Throwback Thursday: Teacher Edition: Mrs. Bridges

Grace Schuetze, Managing Editor

Sophomore English teacher Mrs. Bridges offers an insight on her high school years in the final Throwback Thursday of the 2014-2015 school year.

What were you like in high school?

Initially, my freshman and sophomore year because we had just moved back to Germany I was very much an introvert. I didn’t talk unless spoken to, and because of all the moving around that we did as little as possible in school. I did my homework, but I never went above and beyond and I did what I had to to get by. My freshman year was at one high school, my sophomore year was at a different high school, and my junior and senior year I was at another high school. I was constantly moving.

What was your favorite class in high school?

My senior year I wanted to be on the debate team because I thought I had a knack for arguing. In order to be on the debate team it was a requirement that you be in a speech class and the only way that I could be in the speech class was to be in the honors classes. I had never been in honors classes before, it had always been on-level. So they approached me and said if you really wanted to be in debate you have to be in the honors classes, we’ll let you try it. My grades went up exponentially, had the best year ever, senior year, and I can honestly say that the English teacher I had, Mrs. Ray, is probably one of the greatest inspirations that I ever had. She was phenomenal. She had come down to high school from teaching college and she said that the whole reason why she made the move down from college to high school was to figure out why none of us could read or write. She was wonderful.

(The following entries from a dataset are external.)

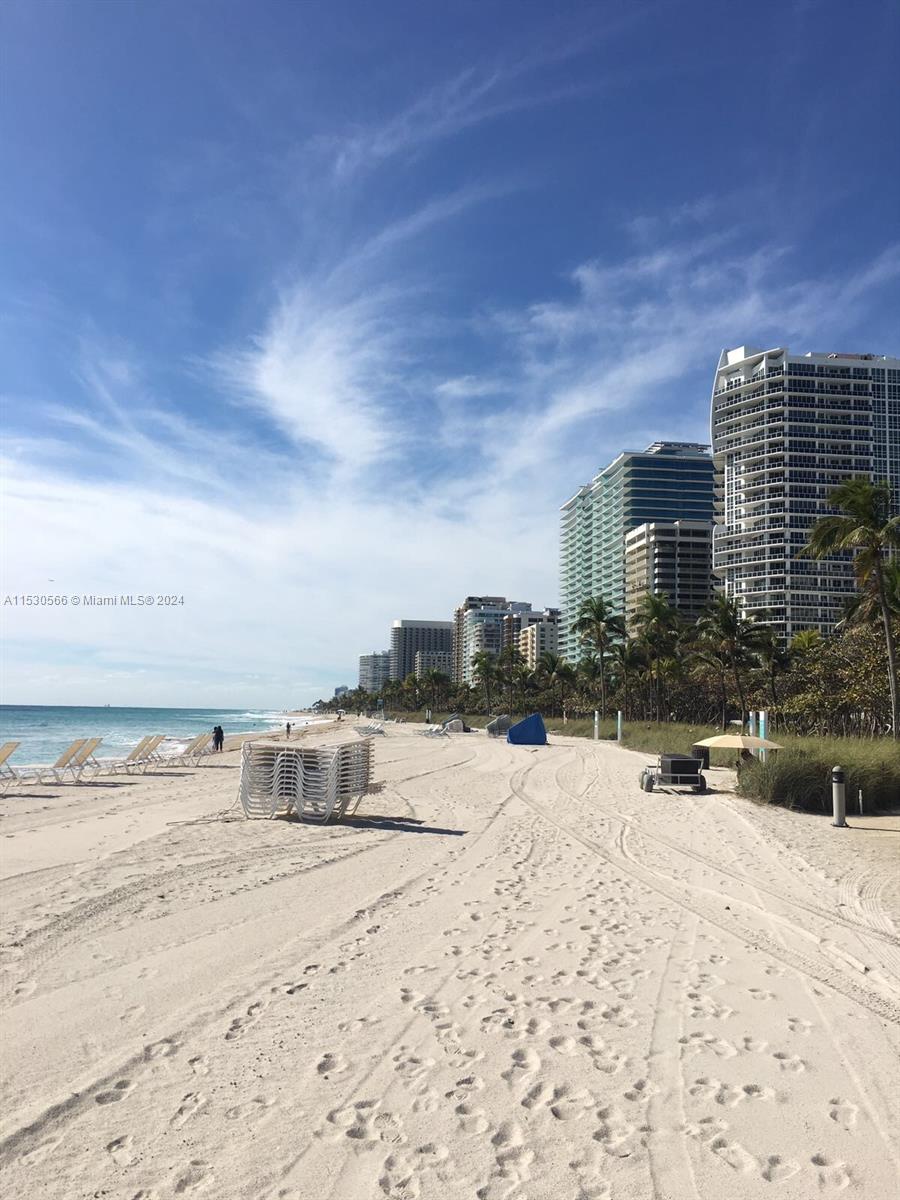 Bal Harbour beach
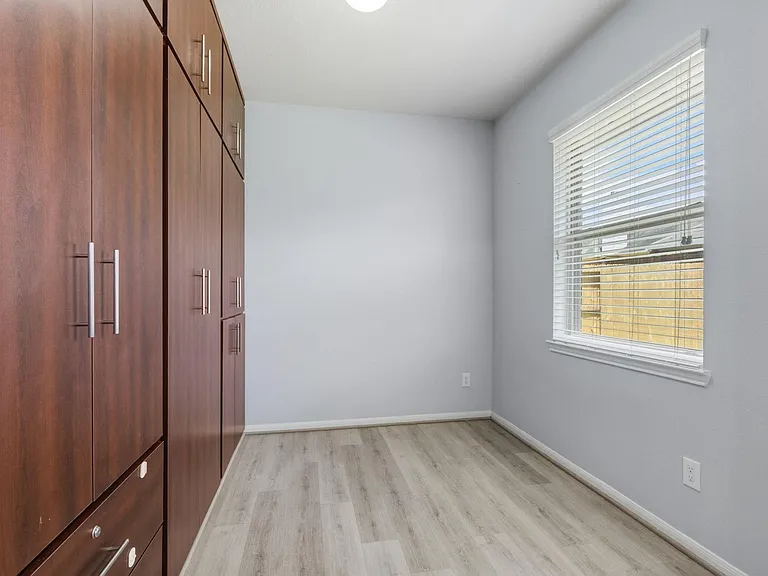 271 Westwood Dr — Photo 25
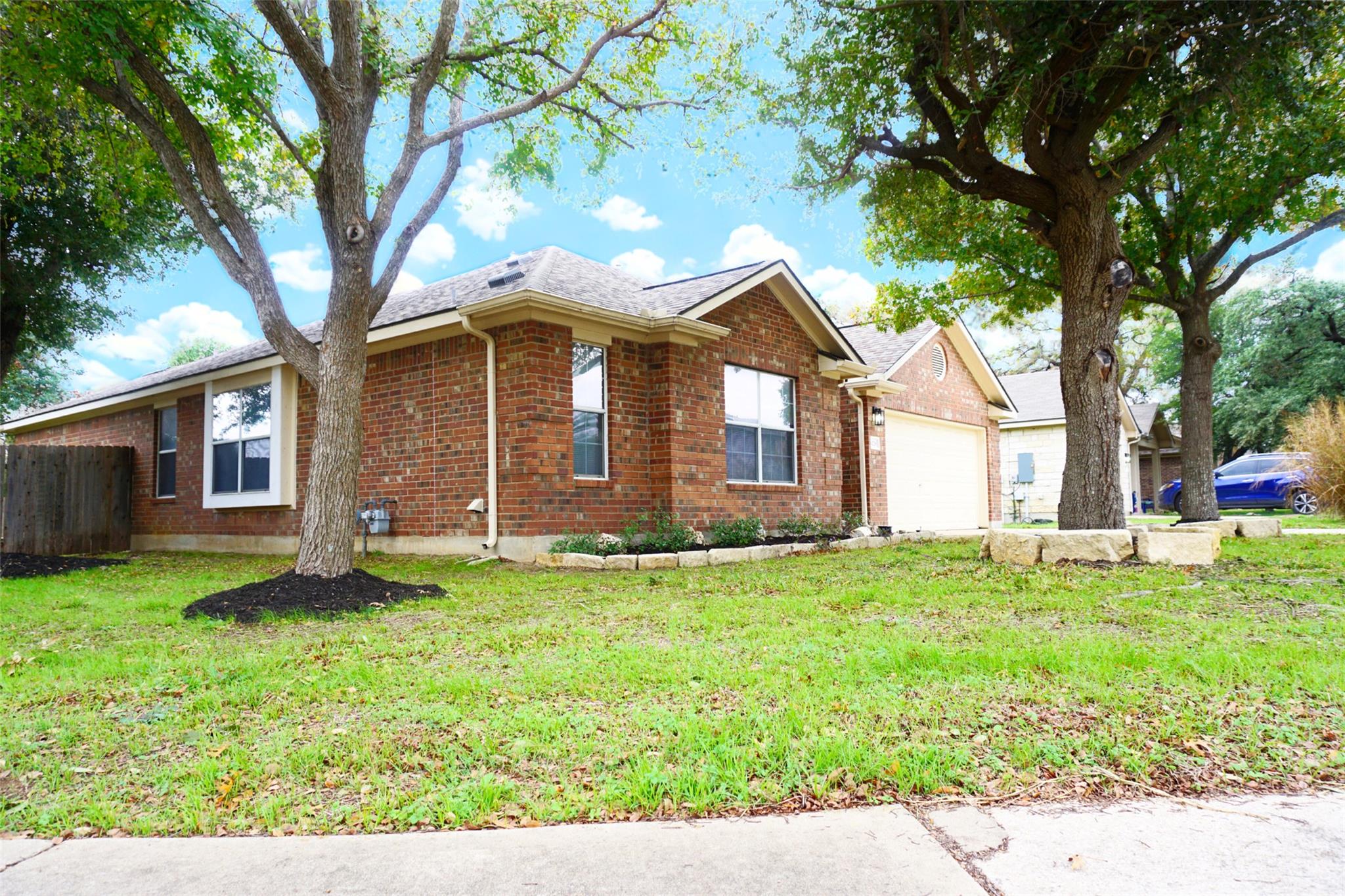 1028 Downridge Dr, Leander, TX 78641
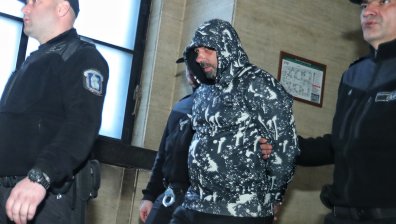 Окончателно: Шестият обвиняем за камиона ковчег край Локорско остава в ареста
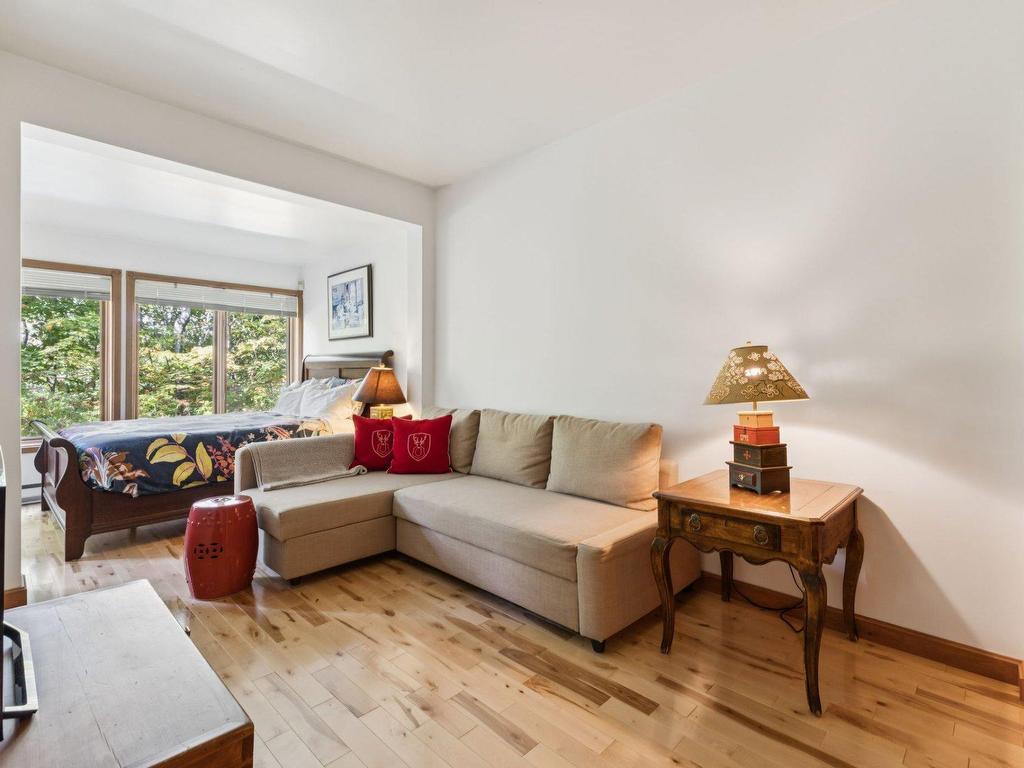 









168


Ch. de la Forêt

, 205,
Mont-Tremblant,




QC
J8E3K8


What college did you attend?

I didn’t go to college until I had already moved back to Texas [from California]. I had been out of school for about 15 years, and I started at TCC to get my toe back into it and then I went to UNT and finished up at DBU.

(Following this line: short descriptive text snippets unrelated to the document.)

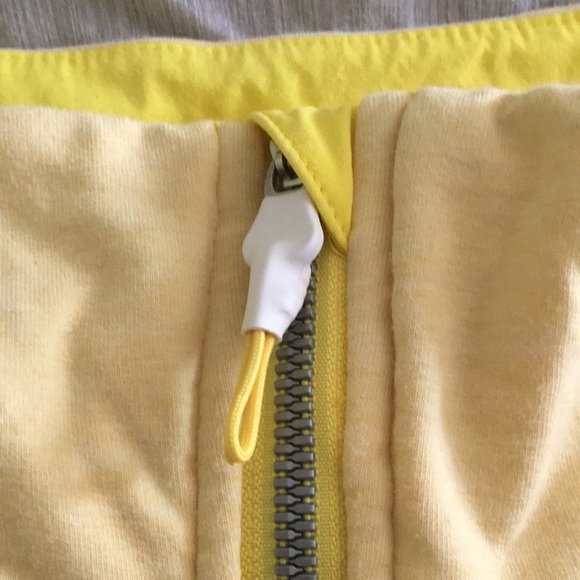 Lululemon full zip yellow jacket. - Picture 5 of 9
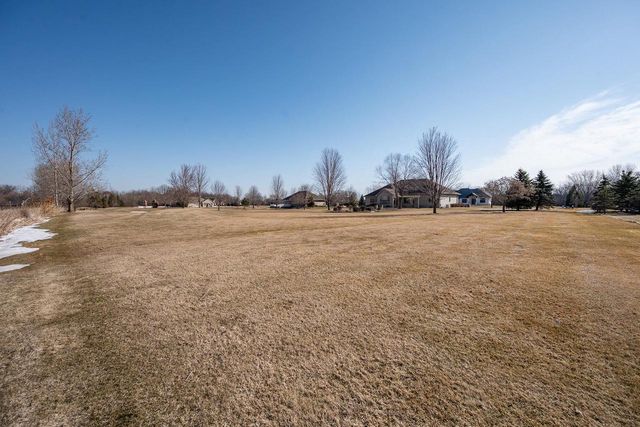2660 WHITEGATE TRAIL, De Pere, WI 54115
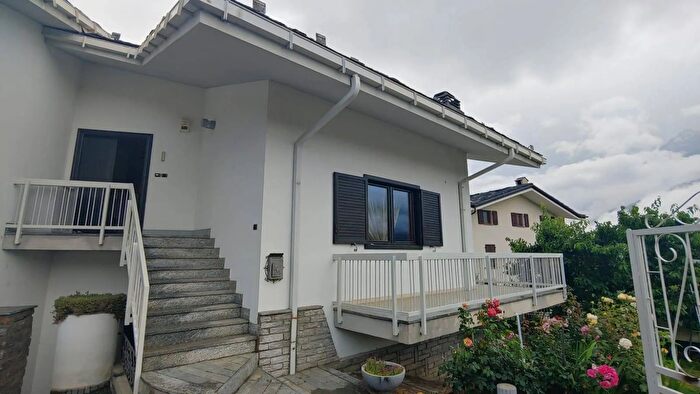 Casa con 8 locali in vendita in Frazione Tissoret, Sarre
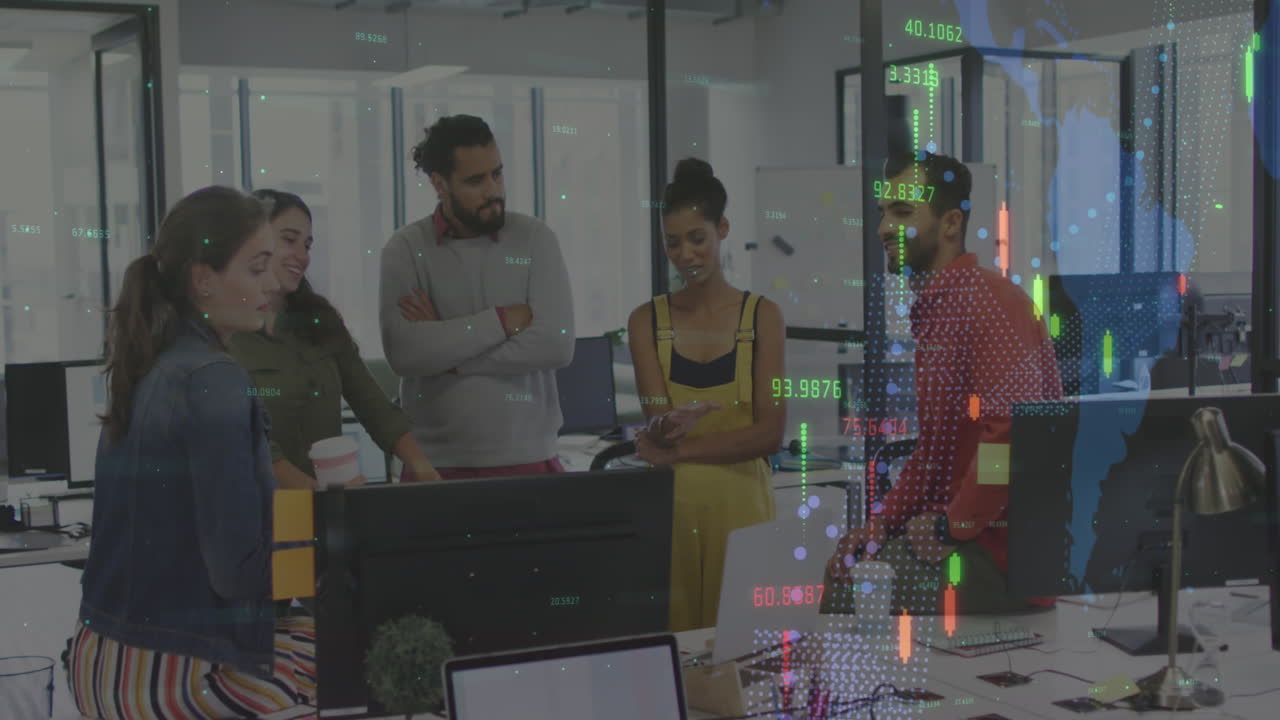 vídeo del procesamiento de datos financieros sobre diversas personas de negocios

What were you involved in in high school?

When I lived in Germany I played basketball for the base and I for high school I played volleyball. I was in band, I played flute. When we moved back to Texas my junior year and I marched and my senior year I did debate. We traveled in groups and when we did UIL contests and there was one where we did impromptu acting and there was a group of five.The fifth person was out sick and they needed a fifth person to slide into that slot. I was done debating for the day, and so they came to me and said they needed me to slide in. Never done it before, had a blast, everything was just off the cuff and we made it to the semifinals. It was pretty cool.

Was it difficult to move around so much as a teenager?

Parts of it was hard. Leaving your friends was hard, but my mom was absolutely phenomenal during the moves. Every time we moved she had a game that she put in the suitcase- we wouldn’t get our stuff for maybe 2 months because you’re waiting for it to get shipped overseas, and so you’d be without your stuff so my mom would always pack a game and a bag of Hershey’s kisses and wherever we were that first night we played games and ate Hershey’s kisses. And that was how we were introduced to the new place.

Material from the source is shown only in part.